Starting from the work of Gottlob Frege and the success and failure of the logicist trend in the philosophy of mathematics, and then having a brief look at Zermelo-Frenkel set theory, I address a few basic issues in Mathematical Realism, also termed Platonism in mathematics. While prominent names in mathematics are known to have adopted the Platonist position, the latter is not free of problems of interpretation rooted deeply in our view of what mathematical truth is all about. I then counterpose the intuitionist view of mathematics against the Platonist view and briefly outline David Hilbert's project of looking for the consistency of Mathematics, aiming to reconcile the finitary approach with the Platonist point of view.

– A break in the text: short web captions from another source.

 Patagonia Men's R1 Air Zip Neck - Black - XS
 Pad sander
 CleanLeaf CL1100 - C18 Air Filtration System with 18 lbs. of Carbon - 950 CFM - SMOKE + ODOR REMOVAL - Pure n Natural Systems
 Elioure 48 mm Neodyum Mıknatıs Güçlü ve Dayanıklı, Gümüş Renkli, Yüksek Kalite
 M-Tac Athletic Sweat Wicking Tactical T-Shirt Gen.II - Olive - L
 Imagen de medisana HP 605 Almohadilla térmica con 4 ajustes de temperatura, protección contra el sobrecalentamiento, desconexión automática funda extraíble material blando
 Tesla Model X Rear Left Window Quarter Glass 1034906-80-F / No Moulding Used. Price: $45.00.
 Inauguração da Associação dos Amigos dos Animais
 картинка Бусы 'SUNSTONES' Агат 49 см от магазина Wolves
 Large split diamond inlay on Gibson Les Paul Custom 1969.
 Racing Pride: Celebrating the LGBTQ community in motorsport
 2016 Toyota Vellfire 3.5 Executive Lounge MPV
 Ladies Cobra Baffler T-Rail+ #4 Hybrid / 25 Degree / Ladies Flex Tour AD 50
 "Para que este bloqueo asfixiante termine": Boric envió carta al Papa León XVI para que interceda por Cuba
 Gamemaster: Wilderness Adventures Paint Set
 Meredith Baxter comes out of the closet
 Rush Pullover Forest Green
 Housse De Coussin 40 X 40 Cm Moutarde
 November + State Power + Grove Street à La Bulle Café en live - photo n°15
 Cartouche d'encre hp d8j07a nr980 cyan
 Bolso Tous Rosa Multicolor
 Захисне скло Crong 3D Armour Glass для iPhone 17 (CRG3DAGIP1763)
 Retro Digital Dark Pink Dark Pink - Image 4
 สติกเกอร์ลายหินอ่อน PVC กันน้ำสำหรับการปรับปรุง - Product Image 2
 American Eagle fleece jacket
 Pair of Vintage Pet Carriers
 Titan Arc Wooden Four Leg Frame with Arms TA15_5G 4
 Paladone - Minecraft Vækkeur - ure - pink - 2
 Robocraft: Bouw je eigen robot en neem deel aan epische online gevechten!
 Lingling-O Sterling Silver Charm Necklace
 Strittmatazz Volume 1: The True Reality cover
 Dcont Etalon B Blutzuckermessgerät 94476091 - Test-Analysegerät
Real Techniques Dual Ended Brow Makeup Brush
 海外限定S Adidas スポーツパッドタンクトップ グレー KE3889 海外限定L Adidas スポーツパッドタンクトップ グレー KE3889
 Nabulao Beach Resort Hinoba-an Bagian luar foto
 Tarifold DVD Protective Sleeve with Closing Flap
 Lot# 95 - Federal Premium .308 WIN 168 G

This also engendered the possibility of a resolution between the realist and the intuitionist points of view, but that possibility was thwarted to a considerable extent by Goedel's incompleteness theorems. This leads to the position that different trends in mathematical practice can coexist beside one another without compromising the precision and universality of any one of these. 

Indeed, mathematics is all about various possible combinations of concepts in our conceptual world, hanging together by consistency requirements, and of possible relations between concepts, among which the relation of analogy holds a crucial position of relevance. This is consistent with the broad framework of mathematics that category theory offers, where the concept of 'basic' mathematical objects, inherent in the realist approach, loses much of its relevance. Finally, I introduce a number of observations made by Wittgenstein that speak of the danger of too rigid a philosophy of mathematics.